Data for this task =

+---+

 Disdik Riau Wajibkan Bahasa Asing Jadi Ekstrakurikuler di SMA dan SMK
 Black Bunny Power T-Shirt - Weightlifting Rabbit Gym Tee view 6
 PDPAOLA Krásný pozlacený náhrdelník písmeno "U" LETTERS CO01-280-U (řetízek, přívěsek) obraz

+---+

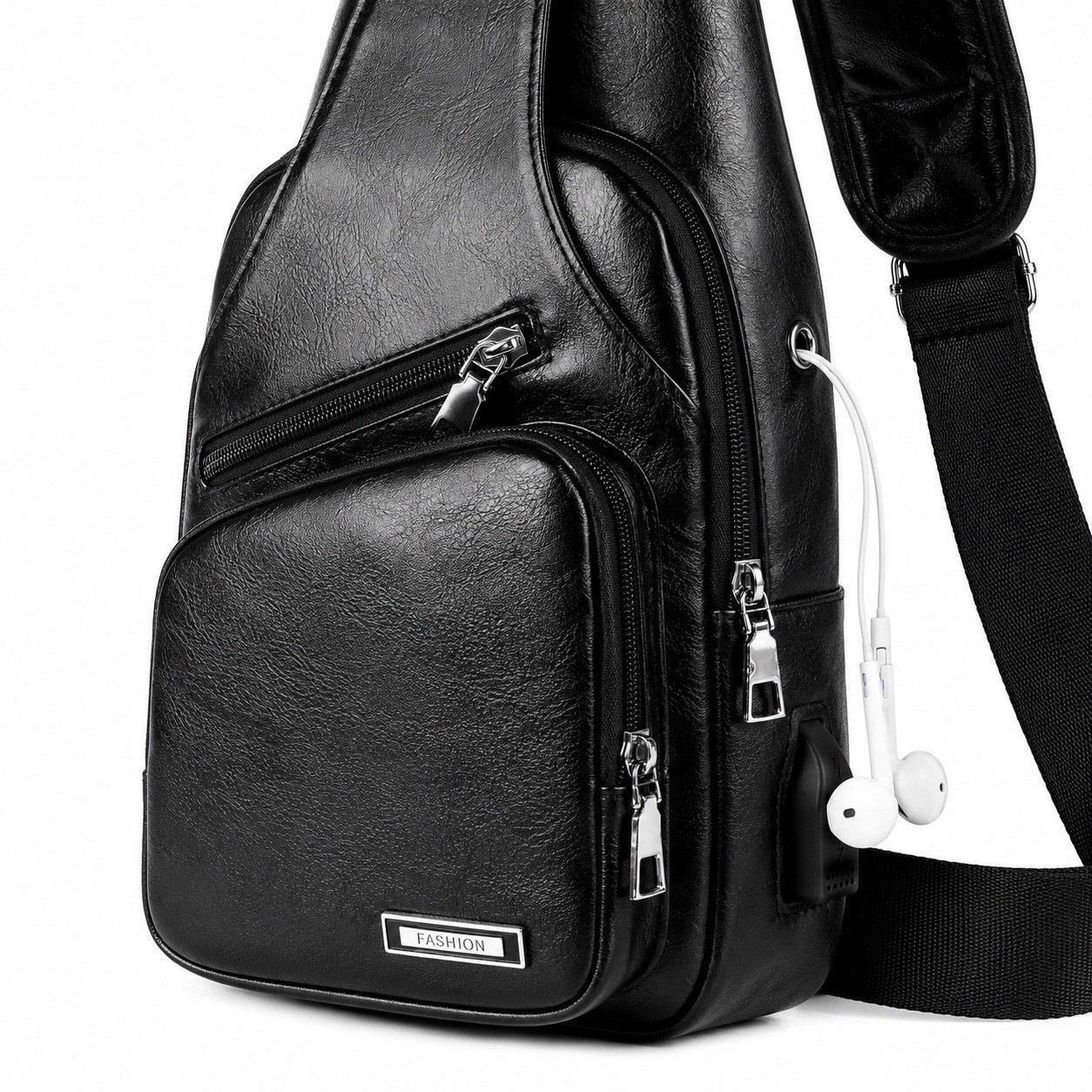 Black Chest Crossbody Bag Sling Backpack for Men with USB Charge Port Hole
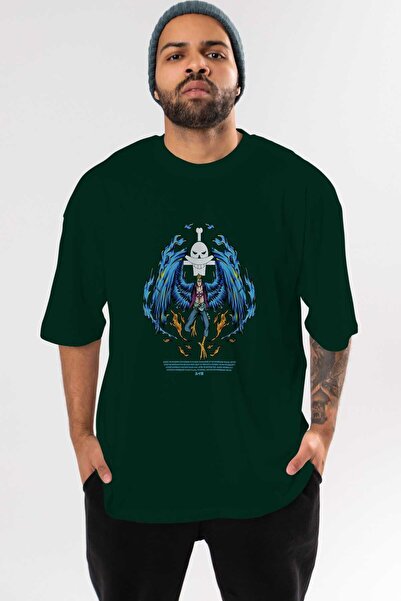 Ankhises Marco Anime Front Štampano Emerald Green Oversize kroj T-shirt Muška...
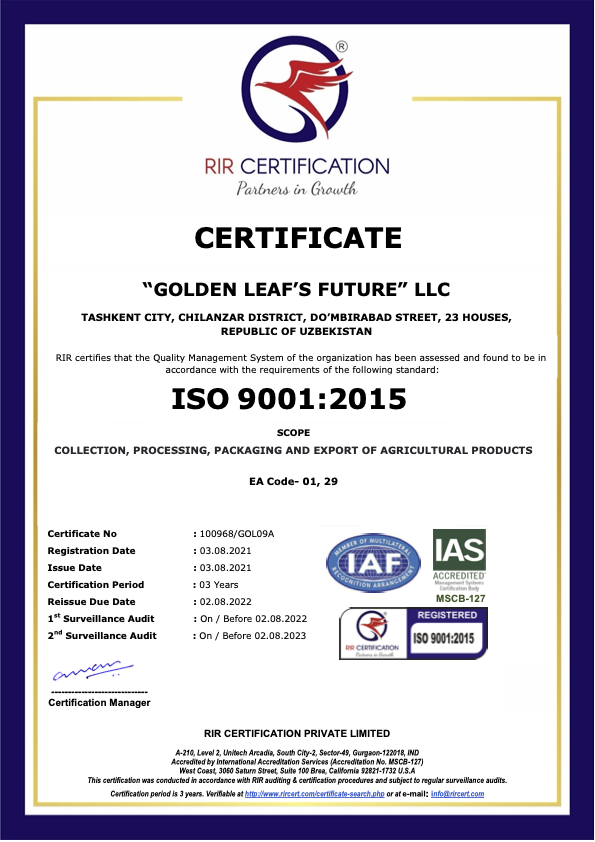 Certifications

+---+

Task requirements =
The lines to copy exactly start with the line above that has "Black Chest Crossbody" and go on through the line that has "Certifications"; please include both, add nothing else, and omit the pictures.

Response to the exercise =
 Black Chest Crossbody Bag Sling Backpack for Men with USB Charge Port Hole
 Ankhises Marco Anime Front Štampano Emerald Green Oversize kroj T-shirt Muška...
 Certifications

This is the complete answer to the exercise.